Célestin Monga, a distinguished Cameroonian economist with a long career in global finance, has been named Vice President of the African Development Bank.

Monga will be in charge of governance and knowledge management at the pan-African financial institution.

Since 2014, Monga was deputy managing director of the United Nations Industrial Development Organization.

Prior to that, he spent 17 years at the World Bank, including working as senior economist for Europe and Central Asia. He also led a World Bank team that reviewed policies in the office of the vice president in charge of development economics and was a director for the structural transformation program in the African region.

Among top 5 economists in Africa

Monga also launched several initiatives, including debt relief for poor, indebted countries, and development of financial practices now used in many countries to protect against external financial disruption.

In 2012, he was named by Jeune Afrique magazine as one of the five best African economists. He has published economic analysis with some of the most prominent economists in the world, including Nobel laureates in economics.

Monga favors an economic integration model for Africa, in which markets coordinate more closely with an eye to exporting to the West.  “If you are a group of neighboring countries but all poor and producing the same raw materials, it is useless to invest in infrastructure to connect because there is no market or purchasing power among the others. It is necessary to seek markets where they are, especially in the West,” Monga said.

Monga holds a post-graduate degree from the University of Paris-Sorbonne. He was Mason Fellow at the Kennedy School of Government at Harvard and continued graduate studies at Sloan School of Management at the Massachusetts Institute of Technology (MIT). He received his PhD in France, at the University of Pau.

He has lectured at Boston University in the United States and the University of Bordeaux in France.

Writer and editor in economics

He is the author of several books and served as editor of the economy section of the New Encyclopedia of Africa.

His latest book on economics is the “Oxford Handbook of Africa and Economics” (2015), co-published with Justin Yifu Lin, former vice president and chief economist of the World Bank. Mongo is co-author of the forthcoming book from titled “Handbook of Structural Transformation.” His works, which explore aspects of economic and political development, have been translated into several languages and serve as teaching tools in many universities worldwide. His next book about the challenges of modernity in Africa, will be published in September.

Monga said he was “very excited” to be joining the African Development Bank at a time when its new president, Akinwumi Adesina, is plotting a new strategic course for the financial institution that promises to improve standards of living in Africa.

Bank shifts course

Adesina, who joined the bank in September, adopted a strategy of “power for all” or universal access to electricity for the continent.
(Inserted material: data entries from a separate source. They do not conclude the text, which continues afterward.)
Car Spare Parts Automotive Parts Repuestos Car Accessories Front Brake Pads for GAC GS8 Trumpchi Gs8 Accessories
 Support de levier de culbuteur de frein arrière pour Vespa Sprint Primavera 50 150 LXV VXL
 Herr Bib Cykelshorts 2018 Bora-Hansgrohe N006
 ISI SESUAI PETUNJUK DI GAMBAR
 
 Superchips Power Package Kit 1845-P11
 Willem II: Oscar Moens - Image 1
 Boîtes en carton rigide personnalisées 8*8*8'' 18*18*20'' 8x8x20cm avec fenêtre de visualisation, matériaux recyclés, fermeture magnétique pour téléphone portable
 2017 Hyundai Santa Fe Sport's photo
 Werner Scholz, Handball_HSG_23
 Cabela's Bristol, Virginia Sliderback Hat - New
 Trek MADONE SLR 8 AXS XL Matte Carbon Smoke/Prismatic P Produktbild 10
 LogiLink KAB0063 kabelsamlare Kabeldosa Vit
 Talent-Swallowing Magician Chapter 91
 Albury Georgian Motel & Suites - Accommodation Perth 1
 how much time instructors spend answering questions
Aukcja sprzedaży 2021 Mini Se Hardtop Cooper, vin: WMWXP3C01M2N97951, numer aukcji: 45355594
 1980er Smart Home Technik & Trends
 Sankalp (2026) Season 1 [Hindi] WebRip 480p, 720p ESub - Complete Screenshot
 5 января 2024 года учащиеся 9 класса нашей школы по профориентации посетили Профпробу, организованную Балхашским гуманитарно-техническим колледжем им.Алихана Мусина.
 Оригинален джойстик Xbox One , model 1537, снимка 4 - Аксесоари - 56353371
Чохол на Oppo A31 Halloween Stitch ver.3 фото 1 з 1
Lack of electricity, he said, is the greatest obstacle to development of Africa.

“The development of the energy infrastructure for Africa will drive more rapid economic and social development of the continent by reducing the cost of doing business, powering industrial growth, unlocking entrepreneurship, improving education and health systems and deepening financial services,” Adesina said.

Other priorities of the new leadership at the African Development Bank include increased investments in the private sector and a more “activist” approach to infrastructure development by helping resolve legal and regulatory bottlenecks that slow progress.

“Africa is living a crucial moment in its history and I am delighted to join the team to carry out this program,” Mongo said.